Si è parlato in passato della ”conquista di Roma” da parte dell’Isis. È un pericolo reale?
«Queste sono le patacche propagandistiche che quelli dell’Isis raccontano ai loro seguaci. Sono cose che credono i fanatici esecutori. Quando parliamo dei componenti del gruppo dirigente dell’Isis non parliamo di signori col turbante, barbone e corano in mano. Ci sono al comando dell’Isis i generali di Saddam, gente laica che pensa in termini molto politici. Loro hanno come obiettivo un grande stato islamico compreso tra la parte est del canale di Suez e l’Iran e l’Afghanistan. Il resto è propaganda».

È innegabile la situazione di forte caos nell’area mediorientale. È possibile individuare le radici di tutto questo?

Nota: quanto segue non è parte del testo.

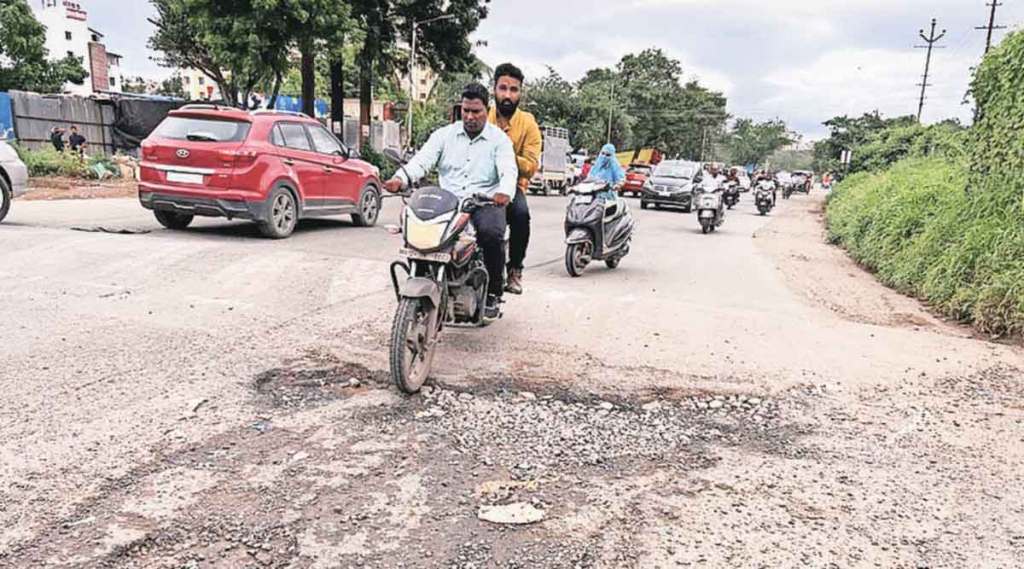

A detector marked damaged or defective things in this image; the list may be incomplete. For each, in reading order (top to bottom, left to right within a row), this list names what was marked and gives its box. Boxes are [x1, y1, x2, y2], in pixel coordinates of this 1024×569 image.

damaged road [0, 194, 1020, 564]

«Sta saltando di fatto tutto l’assetto che era stato dato al Medioriente dalla fine dell’impero Ottomano. È saltato l’Iraq che non si ricomporrà più, così come la Siria e la Libia. Ci sono forti segnali di instabilità in Turchia. Sta saltando, di fatto, il patto Sykes-Picot che aveva ridisegnato i confini. Poi comunque ci sono stati errori più recenti: dal corteggiamento di alcuni settori dell’Islam alle recenti sconclusionate guerre di Bush che hanno soltanto destabilizzato l’area geografica lasciando solo un cumulo di macerie. C’è un secolo intero di errori. Va ripensato tutto l’assetto del Medioriente. Ma non possiamo pensare che si faccia con leadership come quella egiziana. Bisogna togliere l’acqua in cui nuota il pesce jihadista. L’Occidente deve evitare di fare guerre sbagliate. E occorre riflettere anche su come sono state gestite le primavere arabe. Tutto questo è il prodotto anche del come abbiamo selezionato le classi dirigenti degli ultimi 25-30 anni. Sono classi dirigenti che hanno una debolissima cultura storica, che non hanno capacità strategica. Classi dirigenti condizionate dalla dimensione finanziaria piuttosto che geopolitica. Poi ci sono stati altri pasticci. Per concludere, con una battuta possiamo dire: Bush ha sbagliato la guerra, Obama ha sbagliato la pace».